The kids, honestly, were great. Sniffling, feverish, lethargic at one end of the spectrum and bursting with life at the other, they all seemed preternaturally present, their innocence and energy presenting its own kind of wisdom. You wouldn’t suspect that these adorable creatures were going to evolve into the greedy and largely dim-witted race which had spawned them, although there was a creeping arrogance which showed itself when they got a little older.
His next appointment, luckily, was a four-year-old, Caleb. Wide brown eyes and a yogi-like slouch. Red curls. He looked up at Kyle with mournful expectation.
“Am I going to have to have a shot?” he whispered.
“I don’t know, what’s wrong with you?” Kyle asked him, matter-of-fact. He touched the kid’s forehead lightly. Definitely hot.
“We think it’s the chicken pox,” the mother announced. A slender woman in a skirted suit, she pocketed her iPhone quickly and gave Kyle her full attention. This one wouldn’t be snarling about a short appointment, she clearly wanted in and out. “Or at least that’s the hope.” Oh, boy, he thought.
“Then can I assume Caleb has not had his immunizations?”
“Okay, I know some of you don’t approve, but this is an ethical issue for my husband and I,” the mother announced. “We don’t want that stuff in him.”
Kids dying all over the world, and she thought vaccinations were unethical. Caleb looked up at him with those eyes. “I don’t want a shot,” he informed Kyle. His little cheeks were flushed, and now that he had gotten a second look, Kyle could see that the poor kid’s collapsed posture was probably due to muscle pain. Kyle had to resist the urge to pick him up and cradle him. The little boys, especially, seemed so vulnerable.
“No shots,” he said, trying to sound neutral, although he really hated the careless way these people endangered their children, and everyone else’s too. How not to judge that. Yet another mystery. “Let’s see if we can just make you feel better.”

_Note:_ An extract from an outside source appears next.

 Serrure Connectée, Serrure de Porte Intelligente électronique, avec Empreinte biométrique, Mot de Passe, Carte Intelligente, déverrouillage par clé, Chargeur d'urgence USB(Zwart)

After two hours more of this, he finished, poured himself into his car, and drove over to the back streets of Clinton, the site of Dennis’s elegantly crumbling apartment building. There were plenty of high school cronies who had settled, over time, in Cincinnati, but none of them somehow had the staying power of his pal, who had self-destructed in such a spectacularly public way. Dennis’s excessive drinking had cost him his job at Procter & Gamble, and to “teach him a lesson,” his father had told him in no uncertain terms that he was “on his own.” That meant that the monthly allowance Dennis got was really not anywhere near as large as it could have been. It was also not small enough to force him to get another job. Instead, he invented his own peculiar brand of thrift. His Victorian apartment was small—eight hundred square feet—and because it was in the back of the building, inexpensive. The place was crumbling, but it was not a dump; instead, he had managed to choose a few pieces wisely, culling them from attics of relatives and family friends. A gorgeous bedspread, an antique lamp, leftover pieces of Limoges china, the detritus of weddings long gone by. He lived in two rooms which were, truth be told, elegant and fluid with the touches of decadence. The only thing he had paid for in the whole place? A sixty-two-inch TV.